Listed entries:
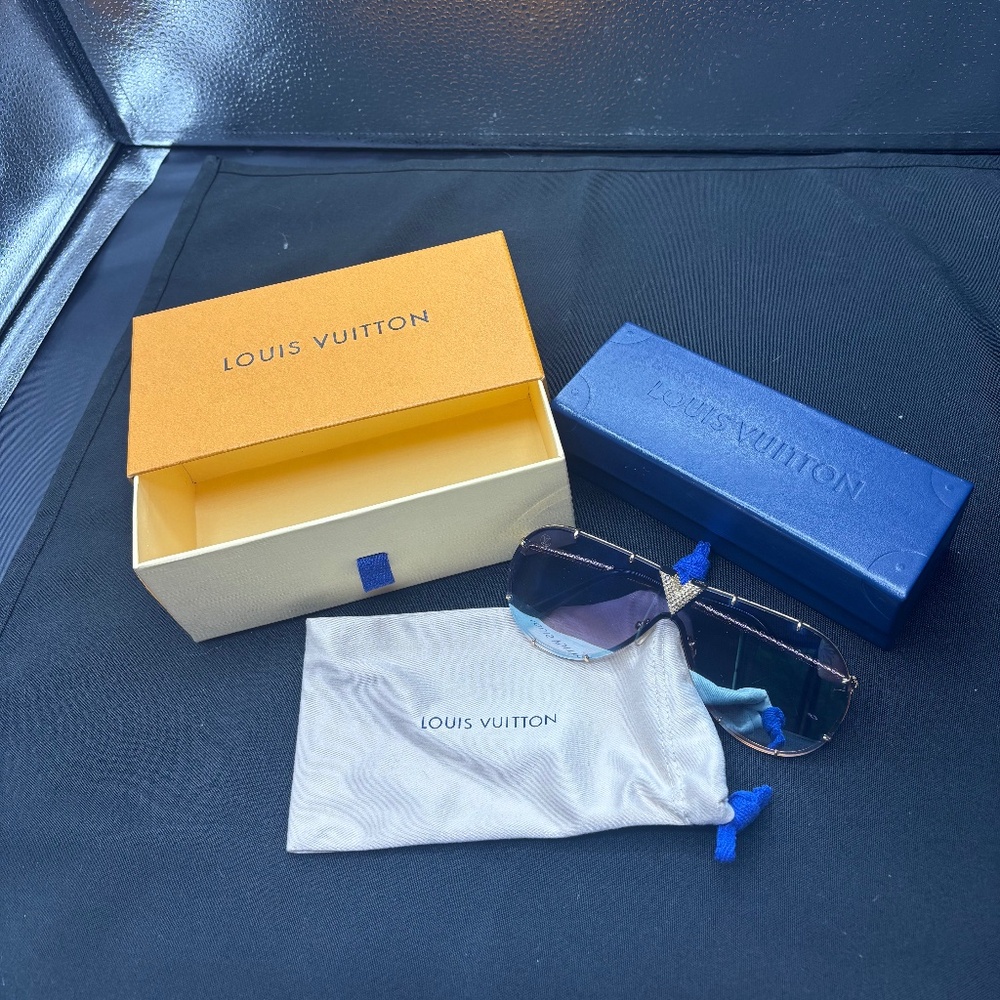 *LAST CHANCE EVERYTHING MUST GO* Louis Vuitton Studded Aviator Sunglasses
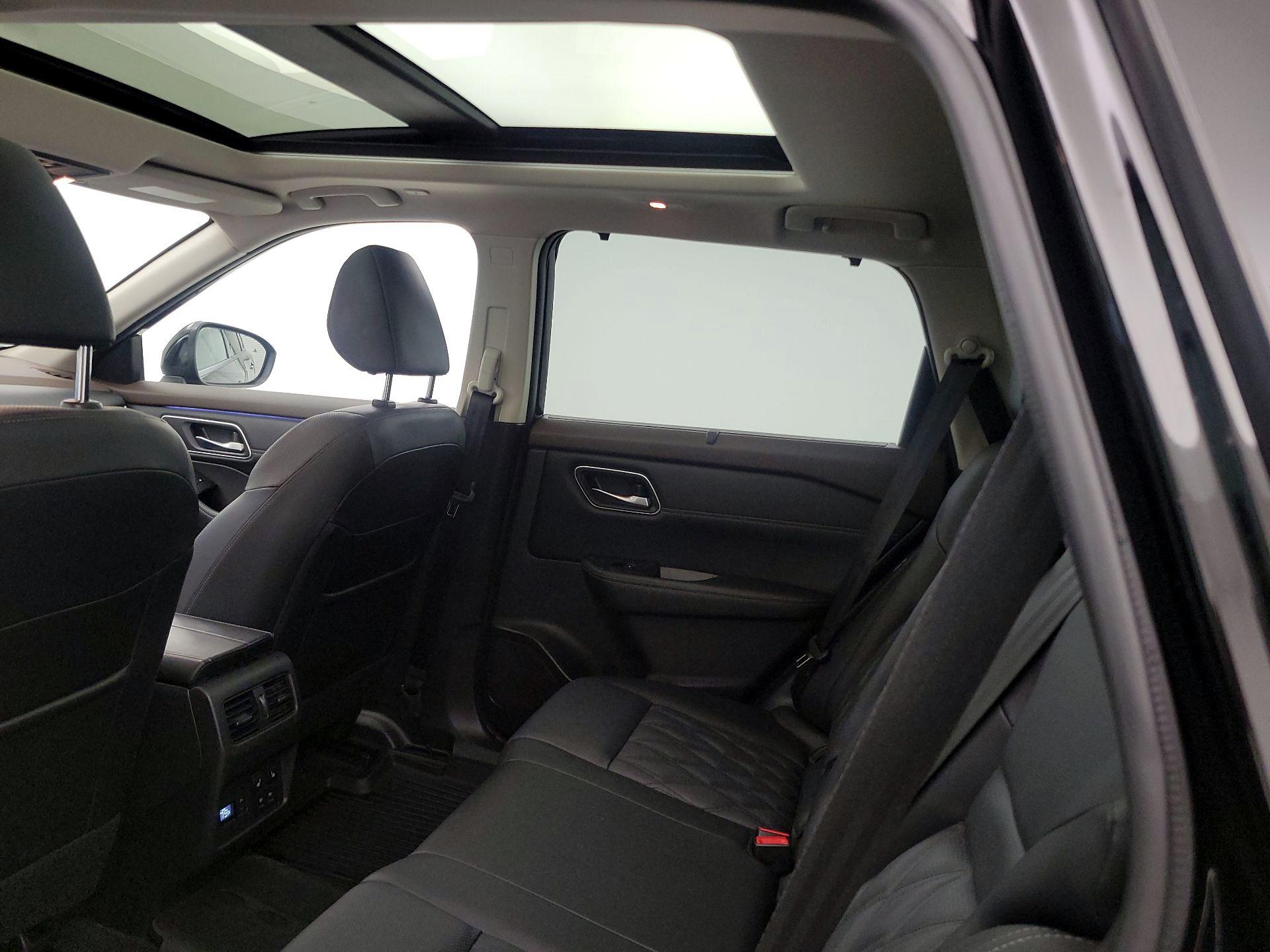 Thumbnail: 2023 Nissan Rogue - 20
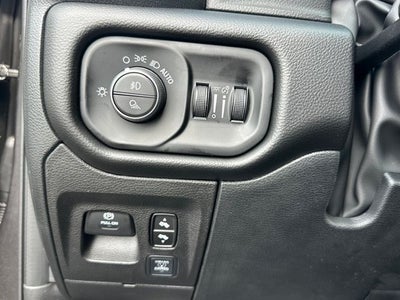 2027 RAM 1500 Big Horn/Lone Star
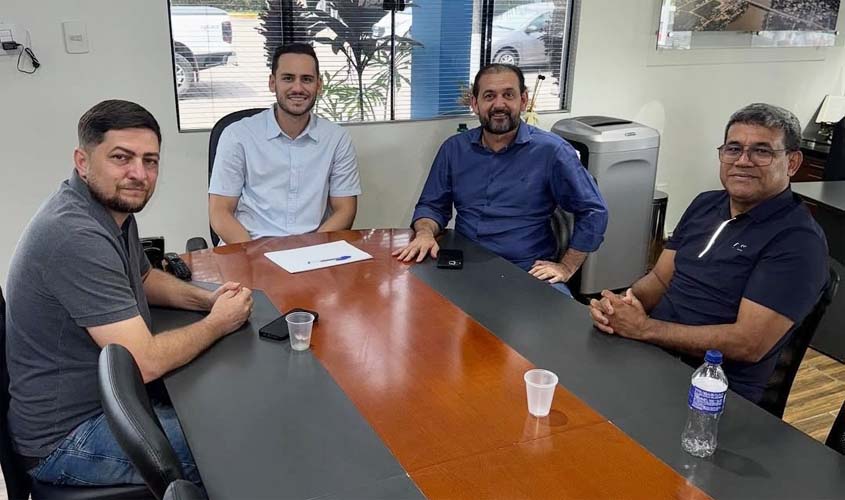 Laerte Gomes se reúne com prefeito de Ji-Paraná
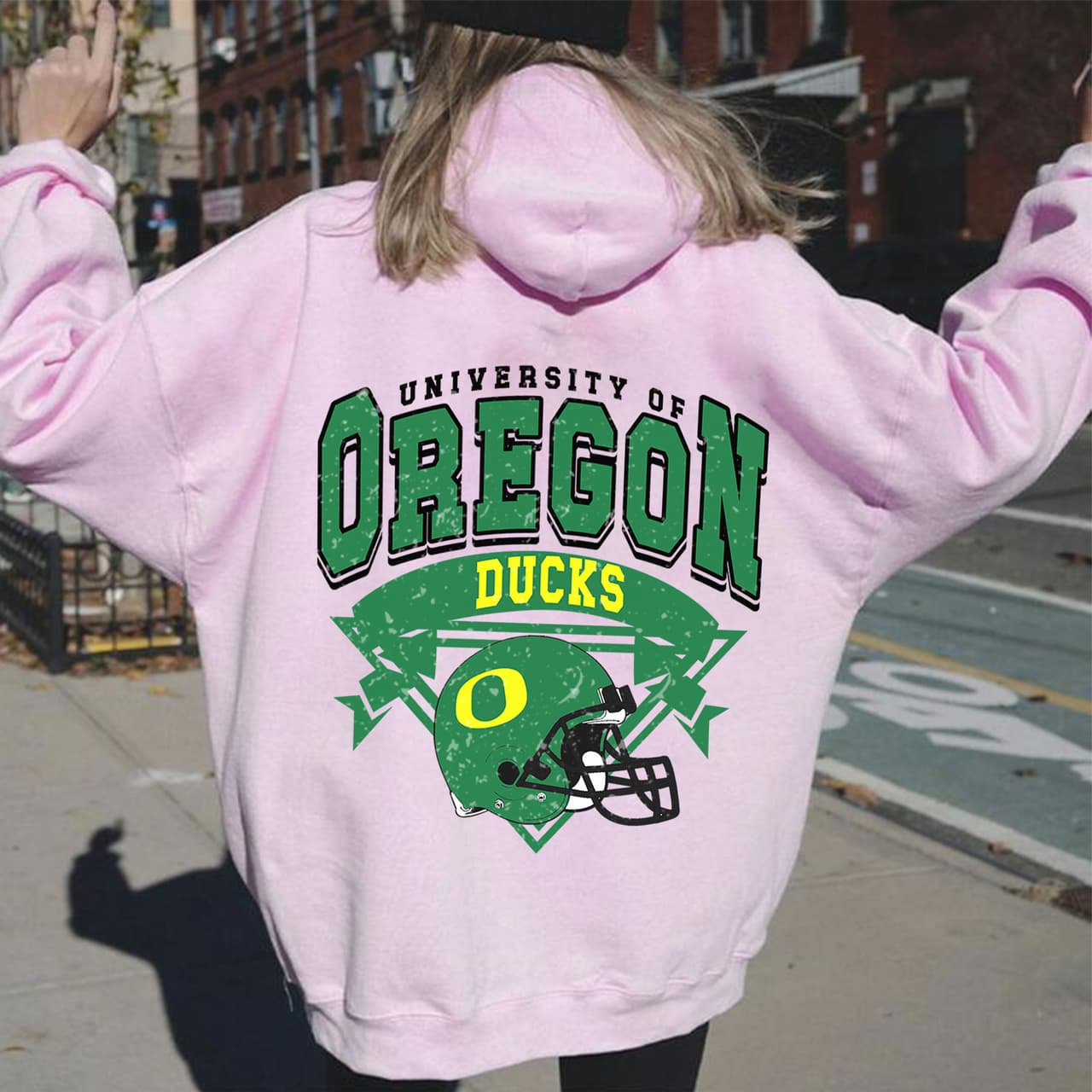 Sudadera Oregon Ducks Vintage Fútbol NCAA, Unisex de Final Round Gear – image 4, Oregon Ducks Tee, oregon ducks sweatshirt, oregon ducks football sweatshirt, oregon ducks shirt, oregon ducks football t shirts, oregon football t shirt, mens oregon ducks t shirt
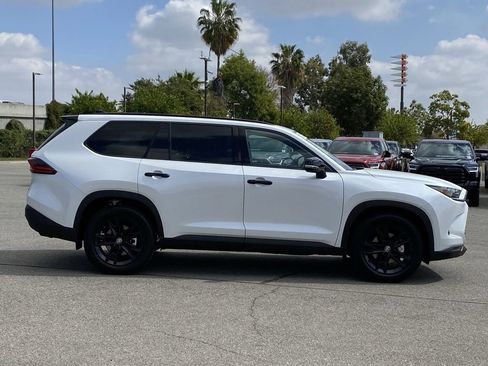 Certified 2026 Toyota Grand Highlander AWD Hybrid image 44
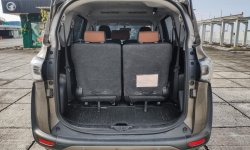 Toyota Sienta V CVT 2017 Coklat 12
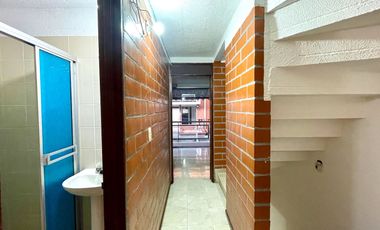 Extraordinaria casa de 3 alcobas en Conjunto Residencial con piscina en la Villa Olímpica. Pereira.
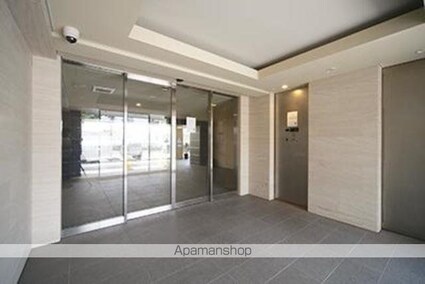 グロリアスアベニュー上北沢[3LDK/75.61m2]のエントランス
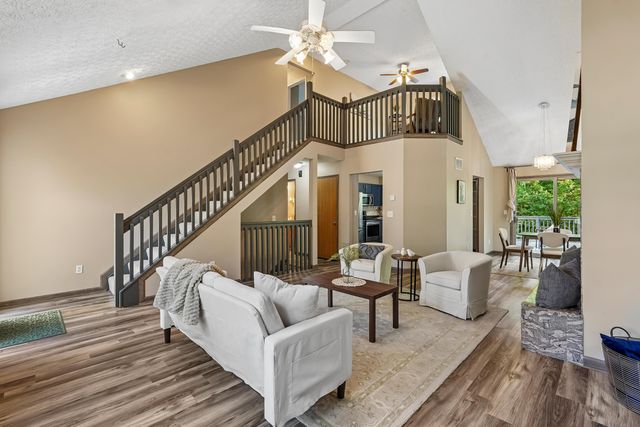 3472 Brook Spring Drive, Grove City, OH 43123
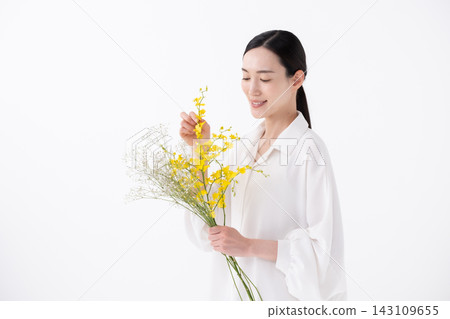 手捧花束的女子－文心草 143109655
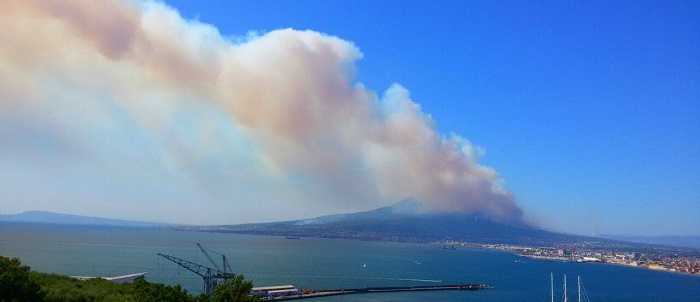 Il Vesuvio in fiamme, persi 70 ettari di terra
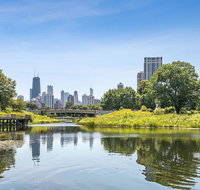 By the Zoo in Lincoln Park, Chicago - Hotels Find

Exercise requirements:
Provide the listing above once more, exactly, with the pictures removed.

Response:
 *LAST CHANCE EVERYTHING MUST GO* Louis Vuitton Studded Aviator Sunglasses
 Thumbnail: 2023 Nissan Rogue - 20
 2027 RAM 1500 Big Horn/Lone Star
 Laerte Gomes se reúne com prefeito de Ji-Paraná
 Sudadera Oregon Ducks Vintage Fútbol NCAA, Unisex de Final Round Gear – image 4, Oregon Ducks Tee, oregon ducks sweatshirt, oregon ducks football sweatshirt, oregon ducks shirt, oregon ducks football t shirts, oregon football t shirt, mens oregon ducks t shirt
 Certified 2026 Toyota Grand Highlander AWD Hybrid image 44
 Toyota Sienta V CVT 2017 Coklat 12
 Extraordinaria casa de 3 alcobas en Conjunto Residencial con piscina en la Villa Olímpica. Pereira.
 グロリアスアベニュー上北沢[3LDK/75.61m2]のエントランス
 3472 Brook Spring Drive, Grove City, OH 43123
 手捧花束的女子－文心草 143109655
 Il Vesuvio in fiamme, persi 70 ettari di terra
 By the Zoo in Lincoln Park, Chicago - Hotels Find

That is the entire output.